The present study demonstrates at least two bleeding sites in almost one-third of included patients, whereas Gupta et al. (12) found two or more bleeding points in nearly two-thirds of patients. Based on these two series, careful analysis of the selective renal angiography is recommended and potentially perform additional oblique views not to overlook additional bleeding sites from feeding vessels to the operative bed. The RENAL score for all included patients has been reassessed, in accordance to Kutikov et al. (13). This score in a way reflects of the potential difficulty of the partial nephrectomy. However, contrary to Gupta et al. (12), the authors could not confirm a correlation between a higher incidence for multiple postoperative bleeding sites in patients with a higher RENAL score. Therefore, careful angiographic analysis for multiple bleeding sites should be performed in all patients presenting with postoperative bleeding whatever the RENAL score or surgical complexity.
The present study has some limitations. This series is based on a retrospective analysis and not all patients received the same radiological investigations before embolization. Second, the patient sample size is small.
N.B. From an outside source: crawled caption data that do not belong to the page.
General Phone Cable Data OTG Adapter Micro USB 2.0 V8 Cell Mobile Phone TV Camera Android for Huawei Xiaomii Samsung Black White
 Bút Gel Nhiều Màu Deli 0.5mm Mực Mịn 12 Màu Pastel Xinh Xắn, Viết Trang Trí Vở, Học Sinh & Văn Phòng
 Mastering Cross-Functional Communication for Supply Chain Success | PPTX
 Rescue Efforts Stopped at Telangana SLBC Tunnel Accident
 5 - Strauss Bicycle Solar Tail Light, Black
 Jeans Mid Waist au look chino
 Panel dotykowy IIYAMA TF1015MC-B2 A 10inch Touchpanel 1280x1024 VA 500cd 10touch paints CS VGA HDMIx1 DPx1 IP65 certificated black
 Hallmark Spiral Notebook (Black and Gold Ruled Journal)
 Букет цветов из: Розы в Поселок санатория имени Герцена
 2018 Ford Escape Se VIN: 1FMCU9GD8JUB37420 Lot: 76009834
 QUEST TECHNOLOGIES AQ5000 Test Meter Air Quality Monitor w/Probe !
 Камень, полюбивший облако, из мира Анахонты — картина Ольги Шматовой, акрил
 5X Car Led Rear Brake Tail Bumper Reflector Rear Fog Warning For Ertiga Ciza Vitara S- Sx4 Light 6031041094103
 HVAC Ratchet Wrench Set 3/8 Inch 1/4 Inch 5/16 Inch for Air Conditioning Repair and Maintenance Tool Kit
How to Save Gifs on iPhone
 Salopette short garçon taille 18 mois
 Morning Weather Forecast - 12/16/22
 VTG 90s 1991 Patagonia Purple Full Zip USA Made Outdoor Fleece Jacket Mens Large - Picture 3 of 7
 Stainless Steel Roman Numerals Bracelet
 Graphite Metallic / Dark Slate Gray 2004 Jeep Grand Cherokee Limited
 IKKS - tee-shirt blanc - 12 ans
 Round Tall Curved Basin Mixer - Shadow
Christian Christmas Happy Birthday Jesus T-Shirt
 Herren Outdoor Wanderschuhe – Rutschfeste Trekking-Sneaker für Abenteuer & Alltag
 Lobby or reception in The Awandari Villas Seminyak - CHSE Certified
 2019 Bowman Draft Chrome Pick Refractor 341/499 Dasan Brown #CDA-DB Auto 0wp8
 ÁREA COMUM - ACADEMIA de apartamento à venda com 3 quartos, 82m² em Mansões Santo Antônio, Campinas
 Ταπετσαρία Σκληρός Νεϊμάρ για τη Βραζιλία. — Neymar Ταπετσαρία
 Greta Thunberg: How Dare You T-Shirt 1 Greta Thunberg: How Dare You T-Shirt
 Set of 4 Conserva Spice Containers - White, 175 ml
Finally, the indication for partial nephrectomy was not the same for all included patients; the large majority (80%) was surgery for renal cell carcinoma.
In conclusion, this retrospective analysis demonstrates a high efficacy of catheter-directed microcoil embolization for postoperative hemorrhage complications of nephron-sparing surgery. Detection of multiple bleeding sites in the resection area is not uncommon and should be carefully evaluated in each patient independent of the RENAL and/or surgical complexity.
Footnotes
Declaration of conflicting interests
The author(s) declared no potential conflicts of interest with respect to the research, authorship, and/or publication of this article.
Funding
The author(s) received no financial support for the research, authorship, and/or publication of this article.